● ABOUT THIS EXERCISE
Output all of the entries exactly as written.

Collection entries
------------------------

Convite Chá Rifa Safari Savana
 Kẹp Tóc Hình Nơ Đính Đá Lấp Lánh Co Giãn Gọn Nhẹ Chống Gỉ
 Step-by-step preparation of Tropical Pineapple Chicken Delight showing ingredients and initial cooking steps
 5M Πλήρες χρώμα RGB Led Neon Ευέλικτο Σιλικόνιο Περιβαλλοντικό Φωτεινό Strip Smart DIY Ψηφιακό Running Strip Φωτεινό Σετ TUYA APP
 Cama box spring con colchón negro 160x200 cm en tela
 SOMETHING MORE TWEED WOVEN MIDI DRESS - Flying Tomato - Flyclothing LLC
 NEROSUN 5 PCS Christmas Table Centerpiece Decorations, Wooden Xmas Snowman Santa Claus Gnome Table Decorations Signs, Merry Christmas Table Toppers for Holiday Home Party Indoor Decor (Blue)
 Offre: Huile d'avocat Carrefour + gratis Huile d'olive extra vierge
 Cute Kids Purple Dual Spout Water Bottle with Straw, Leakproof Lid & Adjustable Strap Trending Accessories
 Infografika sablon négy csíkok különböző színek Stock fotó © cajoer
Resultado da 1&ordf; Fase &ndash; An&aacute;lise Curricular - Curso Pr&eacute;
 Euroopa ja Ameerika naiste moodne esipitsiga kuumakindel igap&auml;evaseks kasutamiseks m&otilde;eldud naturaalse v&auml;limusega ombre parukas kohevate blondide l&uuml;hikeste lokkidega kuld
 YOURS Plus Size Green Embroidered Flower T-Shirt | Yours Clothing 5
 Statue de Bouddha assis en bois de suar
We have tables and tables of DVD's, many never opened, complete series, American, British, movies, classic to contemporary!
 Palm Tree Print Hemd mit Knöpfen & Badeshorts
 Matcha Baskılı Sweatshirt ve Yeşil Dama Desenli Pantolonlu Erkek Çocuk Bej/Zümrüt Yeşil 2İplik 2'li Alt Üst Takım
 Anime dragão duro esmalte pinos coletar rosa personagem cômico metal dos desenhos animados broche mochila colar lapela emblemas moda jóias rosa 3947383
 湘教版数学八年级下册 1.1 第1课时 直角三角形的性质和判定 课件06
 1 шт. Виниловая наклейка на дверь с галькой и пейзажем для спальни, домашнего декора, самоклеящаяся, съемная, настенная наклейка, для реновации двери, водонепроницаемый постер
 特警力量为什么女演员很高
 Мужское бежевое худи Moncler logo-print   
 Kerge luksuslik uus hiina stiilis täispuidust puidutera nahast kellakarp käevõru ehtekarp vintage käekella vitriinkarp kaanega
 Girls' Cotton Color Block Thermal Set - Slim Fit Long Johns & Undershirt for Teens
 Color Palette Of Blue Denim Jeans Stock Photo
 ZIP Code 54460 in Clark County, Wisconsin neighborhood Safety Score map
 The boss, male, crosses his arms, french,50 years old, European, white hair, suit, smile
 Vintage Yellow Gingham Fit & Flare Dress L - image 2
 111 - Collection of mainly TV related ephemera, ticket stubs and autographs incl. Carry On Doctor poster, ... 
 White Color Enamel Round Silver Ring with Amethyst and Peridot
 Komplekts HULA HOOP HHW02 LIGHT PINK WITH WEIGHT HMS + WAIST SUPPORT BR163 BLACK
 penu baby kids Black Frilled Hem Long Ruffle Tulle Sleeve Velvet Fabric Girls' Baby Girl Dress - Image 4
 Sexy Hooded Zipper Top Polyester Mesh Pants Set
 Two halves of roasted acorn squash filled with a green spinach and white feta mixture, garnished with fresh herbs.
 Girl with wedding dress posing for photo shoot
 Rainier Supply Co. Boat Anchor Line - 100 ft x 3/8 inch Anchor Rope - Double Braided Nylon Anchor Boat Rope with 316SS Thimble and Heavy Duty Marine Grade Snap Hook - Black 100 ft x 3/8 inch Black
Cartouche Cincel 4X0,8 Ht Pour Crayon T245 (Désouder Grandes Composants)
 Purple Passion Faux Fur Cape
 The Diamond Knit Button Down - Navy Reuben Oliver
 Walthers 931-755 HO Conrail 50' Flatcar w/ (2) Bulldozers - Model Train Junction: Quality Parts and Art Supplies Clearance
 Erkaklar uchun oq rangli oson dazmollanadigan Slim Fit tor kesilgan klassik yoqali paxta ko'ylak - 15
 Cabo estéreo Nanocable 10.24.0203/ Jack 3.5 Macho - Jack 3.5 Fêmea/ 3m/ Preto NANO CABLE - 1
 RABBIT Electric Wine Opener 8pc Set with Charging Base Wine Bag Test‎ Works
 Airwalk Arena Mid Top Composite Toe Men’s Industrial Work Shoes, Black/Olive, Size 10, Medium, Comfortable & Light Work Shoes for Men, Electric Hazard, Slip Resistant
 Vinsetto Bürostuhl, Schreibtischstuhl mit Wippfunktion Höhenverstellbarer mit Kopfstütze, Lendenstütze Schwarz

------------------------

● EXERCISE SOLUTION
Convite Chá Rifa Safari Savana
 Kẹp Tóc Hình Nơ Đính Đá Lấp Lánh Co Giãn Gọn Nhẹ Chống Gỉ
 Step-by-step preparation of Tropical Pineapple Chicken Delight showing ingredients and initial cooking steps
 5M Πλήρες χρώμα RGB Led Neon Ευέλικτο Σιλικόνιο Περιβαλλοντικό Φωτεινό Strip Smart DIY Ψηφιακό Running Strip Φωτεινό Σετ TUYA APP
 Cama box spring con colchón negro 160x200 cm en tela
 SOMETHING MORE TWEED WOVEN MIDI DRESS - Flying Tomato - Flyclothing LLC
 NEROSUN 5 PCS Christmas Table Centerpiece Decorations, Wooden Xmas Snowman Santa Claus Gnome Table Decorations Signs, Merry Christmas Table Toppers for Holiday Home Party Indoor Decor (Blue)
 Offre: Huile d'avocat Carrefour + gratis Huile d'olive extra vierge
 Cute Kids Purple Dual Spout Water Bottle with Straw, Leakproof Lid & Adjustable Strap Trending Accessories
 Infografika sablon négy csíkok különböző színek Stock fotó © cajoer
Resultado da 1&ordf; Fase &ndash; An&aacute;lise Curricular - Curso Pr&eacute;
 Euroopa ja Ameerika naiste moodne esipitsiga kuumakindel igap&auml;evaseks kasutamiseks m&otilde;eldud naturaalse v&auml;limusega ombre parukas kohevate blondide l&uuml;hikeste lokkidega kuld
 YOURS Plus Size Green Embroidered Flower T-Shirt | Yours Clothing 5
 Statue de Bouddha assis en bois de suar
We have tables and tables of DVD's, many never opened, complete series, American, British, movies, classic to contemporary!
 Palm Tree Print Hemd mit Knöpfen & Badeshorts
 Matcha Baskılı Sweatshirt ve Yeşil Dama Desenli Pantolonlu Erkek Çocuk Bej/Zümrüt Yeşil 2İplik 2'li Alt Üst Takım
 Anime dragão duro esmalte pinos coletar rosa personagem cômico metal dos desenhos animados broche mochila colar lapela emblemas moda jóias rosa 3947383
 湘教版数学八年级下册 1.1 第1课时 直角三角形的性质和判定 课件06
 1 шт. Виниловая наклейка на дверь с галькой и пейзажем для спальни, домашнего декора, самоклеящаяся, съемная, настенная наклейка, для реновации двери, водонепроницаемый постер
 特警力量为什么女演员很高
 Мужское бежевое худи Moncler logo-print   
 Kerge luksuslik uus hiina stiilis täispuidust puidutera nahast kellakarp käevõru ehtekarp vintage käekella vitriinkarp kaanega
 Girls' Cotton Color Block Thermal Set - Slim Fit Long Johns & Undershirt for Teens
 Color Palette Of Blue Denim Jeans Stock Photo
 ZIP Code 54460 in Clark County, Wisconsin neighborhood Safety Score map
 The boss, male, crosses his arms, french,50 years old, European, white hair, suit, smile
 Vintage Yellow Gingham Fit & Flare Dress L - image 2
 111 - Collection of mainly TV related ephemera, ticket stubs and autographs incl. Carry On Doctor poster, ... 
 White Color Enamel Round Silver Ring with Amethyst and Peridot
 Komplekts HULA HOOP HHW02 LIGHT PINK WITH WEIGHT HMS + WAIST SUPPORT BR163 BLACK
 penu baby kids Black Frilled Hem Long Ruffle Tulle Sleeve Velvet Fabric Girls' Baby Girl Dress - Image 4
 Sexy Hooded Zipper Top Polyester Mesh Pants Set
 Two halves of roasted acorn squash filled with a green spinach and white feta mixture, garnished with fresh herbs.
 Girl with wedding dress posing for photo shoot
 Rainier Supply Co. Boat Anchor Line - 100 ft x 3/8 inch Anchor Rope - Double Braided Nylon Anchor Boat Rope with 316SS Thimble and Heavy Duty Marine Grade Snap Hook - Black 100 ft x 3/8 inch Black
Cartouche Cincel 4X0,8 Ht Pour Crayon T245 (Désouder Grandes Composants)
 Purple Passion Faux Fur Cape
 The Diamond Knit Button Down - Navy Reuben Oliver
 Walthers 931-755 HO Conrail 50' Flatcar w/ (2) Bulldozers - Model Train Junction: Quality Parts and Art Supplies Clearance
 Erkaklar uchun oq rangli oson dazmollanadigan Slim Fit tor kesilgan klassik yoqali paxta ko'ylak - 15
 Cabo estéreo Nanocable 10.24.0203/ Jack 3.5 Macho - Jack 3.5 Fêmea/ 3m/ Preto NANO CABLE - 1
 RABBIT Electric Wine Opener 8pc Set with Charging Base Wine Bag Test‎ Works
 Airwalk Arena Mid Top Composite Toe Men’s Industrial Work Shoes, Black/Olive, Size 10, Medium, Comfortable & Light Work Shoes for Men, Electric Hazard, Slip Resistant
 Vinsetto Bürostuhl, Schreibtischstuhl mit Wippfunktion Höhenverstellbarer mit Kopfstütze, Lendenstütze Schwarz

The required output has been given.